Investigation of disability claims – an involved process.

In South Africa it is generally accepted that a disability claim can be broadly defined as a temporary or permanent impairment which results in the prevention of the policyholder to continue with his/her current occupation. It also prevents the policyholder to follow an alternative profession for which he/she is fitted by certain skills, expertise or training.

The reality is that disability products are frequently exploited by opportunists or fraudsters operating in syndicates, and it is therefore advisable to ensure that a high risk disability claim is meticulously investigated.

Risk factors when considering investigating disability claims

  • Investigation of disability claims can be expensive. Various reasons can contribute to this, for example, expensive medical records of the policyholder, certain private hospitals charge up to R3 000 for a set of records. In order to make an informed decision on whether to settle or repudiate a claim, a medical expert’s opinion is a useful tool but, unfortunately, an expensive one.
  • The culprit in the event of a fraudulent claim is probably the policyholder who is obviously trying to destroy certain evidence, jeopardise the investigation and manipulate the outcome thereof.
  • The turnaround time of the investigation can be lengthy because of the fact that it can take long before the history of medical information is obtained or released.
  • In certain instances, surveillance of the policyholder is necessary. It is a well-known fact that this can be a costly and lengthy process.

Is there a glimpse of hope?

Evidently, any repudiation of a disability claim will depend on the facts of the particular matter. However, there are several possible grounds for the repudiation of a disability claim.

A ground for repudiation will be when it is proven that there is an exaggeration of the disability and it is not as severe as alleged. Also, where it is proven that the policyholder is in fact in a position to adopt an alternative occupation which would result in more or less the same income as per his previous occupation, the claim can be repudiated. Often such repudiations expose fraud as medical proof for the disability is frequently forged. If it is possible to prove any form of self-inflicted action which led to the disability, the insurer will be in the position to repudiate a claim.

Expectations from insurers

  • Calculate and project costs for the investigation conservatively and accurately to avoid high costs.
  • Manage the policyholder’s expectations in terms of the duration of the investigation and obtain the policyholder’s consent before the kick-off of any investigation.
  • The investigator’s turnaround time, as well as all other third parties involved, must be managed on a daily basis.
  • A comprehensive pre-investigation, which includes an investigation into the policyholder’s employment history, medical history, perusal of sick leave records and interviews with friends and family of the policyholder, must be conducted to ensure a solid foundation of the investigation. The applicable policy terms and conditions should be carefully scrutinized as this will be the only legitimate map at the insurer’s disposal when conducting such an investigation.
  • Continuously remember that an opportunist or fraudster operating in a syndicate will be cautious and easily spooked. Therefore, do not act prematurely and ensure you know where the honey is beforehand.

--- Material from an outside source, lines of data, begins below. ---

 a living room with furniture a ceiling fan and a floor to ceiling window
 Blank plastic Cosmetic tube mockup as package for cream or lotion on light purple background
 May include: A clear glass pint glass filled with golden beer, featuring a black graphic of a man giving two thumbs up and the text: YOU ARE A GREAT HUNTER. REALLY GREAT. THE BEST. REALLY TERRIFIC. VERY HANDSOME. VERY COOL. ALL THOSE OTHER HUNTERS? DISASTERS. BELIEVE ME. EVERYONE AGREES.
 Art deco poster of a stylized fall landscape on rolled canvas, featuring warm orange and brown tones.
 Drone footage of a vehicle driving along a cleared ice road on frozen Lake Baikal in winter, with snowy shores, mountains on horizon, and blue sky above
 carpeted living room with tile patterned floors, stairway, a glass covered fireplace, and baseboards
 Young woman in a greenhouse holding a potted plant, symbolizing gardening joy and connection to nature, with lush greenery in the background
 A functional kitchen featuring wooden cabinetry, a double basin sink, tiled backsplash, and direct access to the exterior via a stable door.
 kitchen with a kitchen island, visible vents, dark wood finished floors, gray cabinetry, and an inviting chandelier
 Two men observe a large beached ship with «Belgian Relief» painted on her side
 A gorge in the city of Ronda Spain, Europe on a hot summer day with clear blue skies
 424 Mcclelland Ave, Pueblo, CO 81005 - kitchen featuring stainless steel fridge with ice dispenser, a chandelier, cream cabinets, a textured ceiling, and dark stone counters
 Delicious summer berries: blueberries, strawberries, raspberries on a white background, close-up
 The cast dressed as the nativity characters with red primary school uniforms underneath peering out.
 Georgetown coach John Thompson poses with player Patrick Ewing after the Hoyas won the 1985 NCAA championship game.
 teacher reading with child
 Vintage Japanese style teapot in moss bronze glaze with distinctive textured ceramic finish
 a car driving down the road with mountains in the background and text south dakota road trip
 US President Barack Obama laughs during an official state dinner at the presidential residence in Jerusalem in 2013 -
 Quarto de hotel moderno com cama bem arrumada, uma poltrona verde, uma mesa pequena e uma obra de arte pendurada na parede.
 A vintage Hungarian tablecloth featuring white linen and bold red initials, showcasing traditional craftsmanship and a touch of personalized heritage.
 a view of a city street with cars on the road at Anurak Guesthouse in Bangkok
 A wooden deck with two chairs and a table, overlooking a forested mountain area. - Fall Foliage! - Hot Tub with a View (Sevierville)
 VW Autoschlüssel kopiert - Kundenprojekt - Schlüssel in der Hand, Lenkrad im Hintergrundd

Be aware of your surroundings

The Association of Certified Fraud Examiners (ACFE) reports that policyholders usually entertain fraudulent behaviour during times of financial hardship, when under peer pressure or when they believe they will be able to get away with it.

In order to protect your business, you need to be aware of all of the situations surrounding a disability claim. Reports from ACFE suggest that about 80% of all disability claims in the industry are fraudulent.